Baseball Milano, una sfida iniziata 60 anni fa

L’allenatore: «Rinforzeremo la rosa. Ma ci manca il tunnel per esercitarci a battere»

Se si trovasse una cassa di monete d'oro la si potrebbe investire per rimettere in scena allo stadio Kennedy la sequenza più suggestiva de «L'uomo dei sogni», film-culto per gli amanti del baseball. Quella in cui un pugno di giocatori dell'altro ieri, con splendide divise d'epoca, scivolano fuori dai campi di mais e ricominciano l'eterno gioco del batti e corri. Intorno allo storico diamante milanese il mais non c'è, ma due domeniche fa, quando il Milano - la squadra di baseball più antica d'Italia - ha festeggiato i sessant'anni di vita, avrebbe fatto un certo effetto rivedere personaggi come Franco Milesi o Sergio Setti, due dei pionieri del club, con i pantaloni a sbuffo e lo stemma ovale sul cuore come d'uso dopo la guerra o Gigi Cameroni, scomparso da poco, con le E di Europhon sul berretto, omaggio al suo Milano che vinse tre coppe dei Campioni sul far degli anni '70.
Loro non potevano esserci, ma a celebrare l'appuntamento sono accorsi molti amici, anche da lontano, come Ken Wolff, campione d'Italia 1962. Sessant'anni non sono pochi, soprattutto se si fa sport in questa città, culla del baseball italiano, come dell'hockey o del rugby, ma poi madre dall'amore tiepido. Eppure, nel romanzo rossoblù ci sono otto scudetti, vinti fra il 1958 e il 1970, sei titoli internazionali (tra cui la coppa Coppe e la Supercoppa europea 1992), tre coppe Italia. E poi stranieri come il lanciatore hawaiano Lono o gli ex-professionisti Morrison e Randle, italiani come le mazze alla dinamite Gandini e Bianchi, allenatori quali Mauro Mazzotti, ora finalista scudetto a Grosseto.
Il Milano di oggi, sponsorizzato Puntolis e Siconair, esce da un quarto posto in B con una squadra che ha gente come Anedda e Spinosa, reduci dell'ultima avventura in A1 (1998, 7° posto e argento in coppa Coppe, autoretrocessione per problemi di sostentamento) e giovani cresciuti in casa. «La B è stata più selettiva degli anni scorsi - spiega Raoul Pasotto, 17 stagioni da esterno nel Milano, allenatore dal 2003 - e noi l'abbiamo affrontata con pochissimi lanciatori e il problema del Kennedy: il campo è in cattive condizioni e manca il tunnel per allenarci a battere». I Rams di hockey inline, che hanno avuto il Kennedy di via Olivieri in gestione dal Comune, assicurano che ne faranno due. «In inverno andremo sul mercato per potenziare la rosa - prosegue Pasotto - e chissà che in questa Milano multietnica non si trovi qualche straniero che giochi a baseball. Vogliamo offrire ai ragazzi del vivaio una prospettiva più stimolante, quindi vogliamo tornare in A2».
Che non è il top ma la contraddizione dello sport milanese è nota: solo la crema fa gola al pubblico e la crema, o si compra, o si fa in casa. «L'A1 costa troppo - taglia corto Ennio Paganelli, direttore tecnico - e anche se trovassimo i finanziamenti rischieremmo un'avventura effimera, non la prima. Meglio lavorare sul vivaio: abbiamo oltre cento ragazzi, germogli che hanno però bisogno di quattro o cinque anni per fiorire».

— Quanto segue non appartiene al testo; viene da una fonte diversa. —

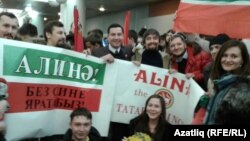 Татар яшьләре Алинә Заһитованы каршы ала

E l'attività giovanile del Milano, che comprende anche il softball per le ragazze, prosegue d'inverno, stagione di allenamenti con palline soffici nelle palestre di via Constant 19 e piazza Abbiategrasso (info: 02-7386536, www.milanobaseball.it). La cassa di monete d'oro andrebbe investita qui. Arrivederci fra sessant'anni.